Vor diesem Hintergrund wird sichtbar, wie Hollstein die von Steffen Mau beschriebenen „Allmählichkeitsschäden“ der Demokratie aufnimmt: Demokratische Kultur erodiert nicht spontan, sondern über längere Phasen, in denen Unzufriedenheit wächst, repräsentative Bindungen schwächer werden und sich Teile der Gesellschaft sozial wie politisch zurückziehen. Hollstein deutet das Engagement benachteiligter Menschen als Möglichkeit, diesen schleichenden Prozessen etwas entgegenzusetzen. Dabei bleibt sie nicht bei der Vorstellung einer „Ertüchtigung“ der Demokratie stehen, sondern legt offen, dass Engagement eine Form der Selbstermächtigung ist. In der Suppenküche entsteht für die Engagierten ein Raum, in dem sie Handlungsfähigkeit, Resonanz und Anerkennung erfahren – und damit auch die Möglichkeit, jene Umstände zu verändern, die ihre Prekarisierung prägen. Engagement erscheint so als praktische Arbeit an der eigenen Lebenslage und zugleich als Beitrag zu einer demokratischen Kultur, die nicht durch institutionelle Beteiligungsangebote allein gesichert wird.
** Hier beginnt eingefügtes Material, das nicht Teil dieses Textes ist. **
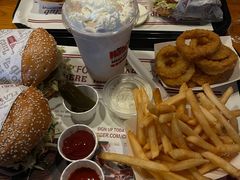 -The Habit Burger Grill 哈比特汉堡(复兴soho店)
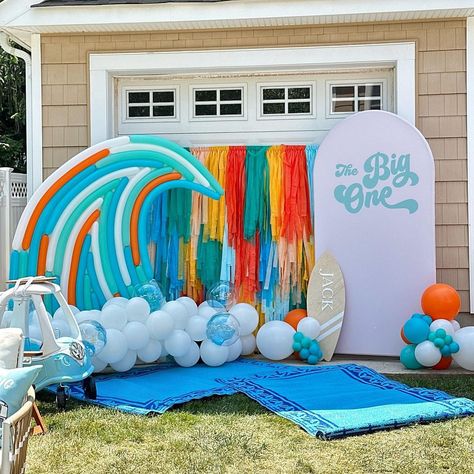 Surf Balloon Garland, Beach Bday, Moving Party, Sea Baby Shower, Balloon Installation, Up Balloons, Backdrop Ideas, The Big One, Neon Party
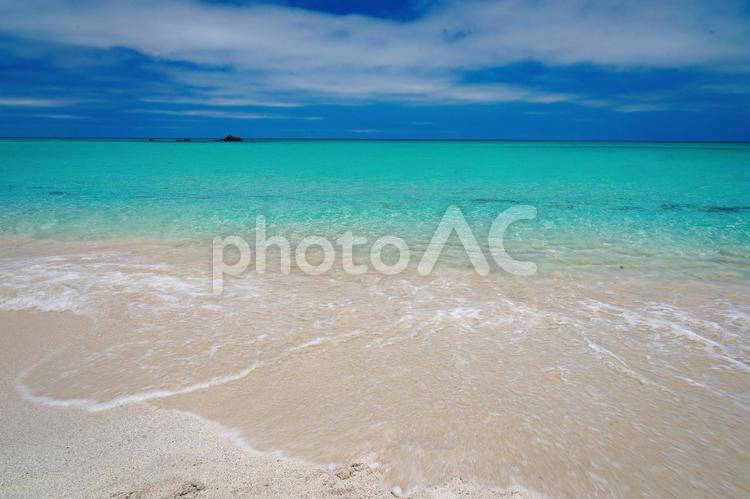 山口県下関市角島の夏の海 角島,海,風景の写真素材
In dieser Perspektive wird Hollsteins Studie zu einer Intervention in eine doppelte Lücke. Zum einen nimmt sie die Befunde der Wahl- und Beteiligungsforschung zu sozialer Ungleichheit ernst: Menschen in prekären Lebenslagen beteiligen sich seltener und werden im politischen Prozess unterrepräsentiert. Zum anderen widerspricht sie der verbreiteten Annahme, Zivilgesellschaft bestehe im Wesentlichen aus gut situierten, bildungsnahen Milieus. Indem Hollstein das Engagement in einer ostdeutschen Suppenküche rekonstruiert, zeigt sie, wie gesellschaftlicher Zusammenhalt dort entsteht, wo das „unsichtbare Drittel“ kaum vorkommt, und wie aus alltäglichen Praktiken „realistische Utopien“ einer demokratischen Infrastruktur hervorgehen können, bei denen nicht über Prekarisierte paternalistisch gesprochen, sondern mit ihnen und durch sie eine konkrete Praxis als realistische Utopie entwickelt wird. Das Buch wurde gefördert aus Open-Access-Mitteln der Universität Erfurt und ist deshalb ohne Unkosten als E-Book abrufbar.